* **TASK DIRECTIONS**: Could you reproduce the line where "nissan tiida 2010" occurs and all lines after it in the listing below, through the final one, without changing anything?
----------------
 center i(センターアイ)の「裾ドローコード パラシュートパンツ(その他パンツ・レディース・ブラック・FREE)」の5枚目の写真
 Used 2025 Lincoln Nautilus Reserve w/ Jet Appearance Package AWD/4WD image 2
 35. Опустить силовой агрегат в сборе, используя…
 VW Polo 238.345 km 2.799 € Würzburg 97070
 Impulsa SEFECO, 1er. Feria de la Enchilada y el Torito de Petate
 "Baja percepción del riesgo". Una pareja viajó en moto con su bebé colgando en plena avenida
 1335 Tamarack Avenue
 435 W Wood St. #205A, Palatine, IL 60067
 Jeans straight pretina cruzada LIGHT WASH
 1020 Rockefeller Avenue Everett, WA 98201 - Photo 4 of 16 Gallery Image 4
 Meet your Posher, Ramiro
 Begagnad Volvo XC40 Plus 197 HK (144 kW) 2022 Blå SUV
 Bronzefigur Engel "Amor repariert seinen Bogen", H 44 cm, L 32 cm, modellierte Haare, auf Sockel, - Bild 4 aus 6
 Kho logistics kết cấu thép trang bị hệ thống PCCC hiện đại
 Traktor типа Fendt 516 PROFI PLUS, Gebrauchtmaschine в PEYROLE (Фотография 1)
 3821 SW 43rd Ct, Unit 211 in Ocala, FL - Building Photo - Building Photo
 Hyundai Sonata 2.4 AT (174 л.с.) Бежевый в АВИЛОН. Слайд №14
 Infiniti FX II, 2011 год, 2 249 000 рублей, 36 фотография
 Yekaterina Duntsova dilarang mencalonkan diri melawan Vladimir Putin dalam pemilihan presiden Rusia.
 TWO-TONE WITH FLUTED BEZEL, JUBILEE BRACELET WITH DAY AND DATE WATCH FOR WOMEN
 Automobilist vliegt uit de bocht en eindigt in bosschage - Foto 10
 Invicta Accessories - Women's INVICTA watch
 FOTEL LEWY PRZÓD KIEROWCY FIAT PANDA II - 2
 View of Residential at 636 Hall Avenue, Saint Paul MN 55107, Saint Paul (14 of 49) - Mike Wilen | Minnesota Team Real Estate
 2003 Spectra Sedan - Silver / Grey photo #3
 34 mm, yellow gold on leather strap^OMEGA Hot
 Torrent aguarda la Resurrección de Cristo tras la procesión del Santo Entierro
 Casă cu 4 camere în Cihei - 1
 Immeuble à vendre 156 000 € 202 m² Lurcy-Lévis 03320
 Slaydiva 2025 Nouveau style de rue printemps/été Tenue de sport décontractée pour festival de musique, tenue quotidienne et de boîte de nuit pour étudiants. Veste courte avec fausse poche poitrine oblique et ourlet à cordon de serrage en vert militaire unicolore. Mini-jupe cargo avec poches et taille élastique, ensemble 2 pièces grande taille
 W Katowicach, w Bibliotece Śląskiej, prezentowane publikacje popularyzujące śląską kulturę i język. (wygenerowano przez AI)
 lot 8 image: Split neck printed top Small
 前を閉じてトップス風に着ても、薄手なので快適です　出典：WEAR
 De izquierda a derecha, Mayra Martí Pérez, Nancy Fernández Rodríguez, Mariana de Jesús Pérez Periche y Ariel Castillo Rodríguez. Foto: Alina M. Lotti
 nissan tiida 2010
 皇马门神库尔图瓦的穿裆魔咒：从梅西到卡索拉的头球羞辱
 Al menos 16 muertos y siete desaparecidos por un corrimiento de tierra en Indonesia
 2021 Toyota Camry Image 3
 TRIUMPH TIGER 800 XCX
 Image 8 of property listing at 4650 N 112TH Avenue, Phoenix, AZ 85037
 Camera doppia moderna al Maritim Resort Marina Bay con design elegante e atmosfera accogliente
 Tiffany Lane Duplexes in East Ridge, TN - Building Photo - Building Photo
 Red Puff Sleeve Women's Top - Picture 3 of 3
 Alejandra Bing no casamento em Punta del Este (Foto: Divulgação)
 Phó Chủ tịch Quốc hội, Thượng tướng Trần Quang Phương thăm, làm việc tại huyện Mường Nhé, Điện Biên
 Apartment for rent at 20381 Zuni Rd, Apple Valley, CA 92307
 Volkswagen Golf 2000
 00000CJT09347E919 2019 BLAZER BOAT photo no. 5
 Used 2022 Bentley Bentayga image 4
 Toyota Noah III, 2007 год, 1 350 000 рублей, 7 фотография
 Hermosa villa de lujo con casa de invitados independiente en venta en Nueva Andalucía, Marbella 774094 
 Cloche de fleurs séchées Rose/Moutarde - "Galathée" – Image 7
----------------
* **TASK RESULT**:
 nissan tiida 2010
 皇马门神库尔图瓦的穿裆魔咒：从梅西到卡索拉的头球羞辱
 Al menos 16 muertos y siete desaparecidos por un corrimiento de tierra en Indonesia
 2021 Toyota Camry Image 3
 TRIUMPH TIGER 800 XCX
 Image 8 of property listing at 4650 N 112TH Avenue, Phoenix, AZ 85037
 Camera doppia moderna al Maritim Resort Marina Bay con design elegante e atmosfera accogliente
 Tiffany Lane Duplexes in East Ridge, TN - Building Photo - Building Photo
 Red Puff Sleeve Women's Top - Picture 3 of 3
 Alejandra Bing no casamento em Punta del Este (Foto: Divulgação)
 Phó Chủ tịch Quốc hội, Thượng tướng Trần Quang Phương thăm, làm việc tại huyện Mường Nhé, Điện Biên
 Apartment for rent at 20381 Zuni Rd, Apple Valley, CA 92307
 Volkswagen Golf 2000
 00000CJT09347E919 2019 BLAZER BOAT photo no. 5
 Used 2022 Bentley Bentayga image 4
 Toyota Noah III, 2007 год, 1 350 000 рублей, 7 фотография
 Hermosa villa de lujo con casa de invitados independiente en venta en Nueva Andalucía, Marbella 774094 
 Cloche de fleurs séchées Rose/Moutarde - "Galathée" – Image 7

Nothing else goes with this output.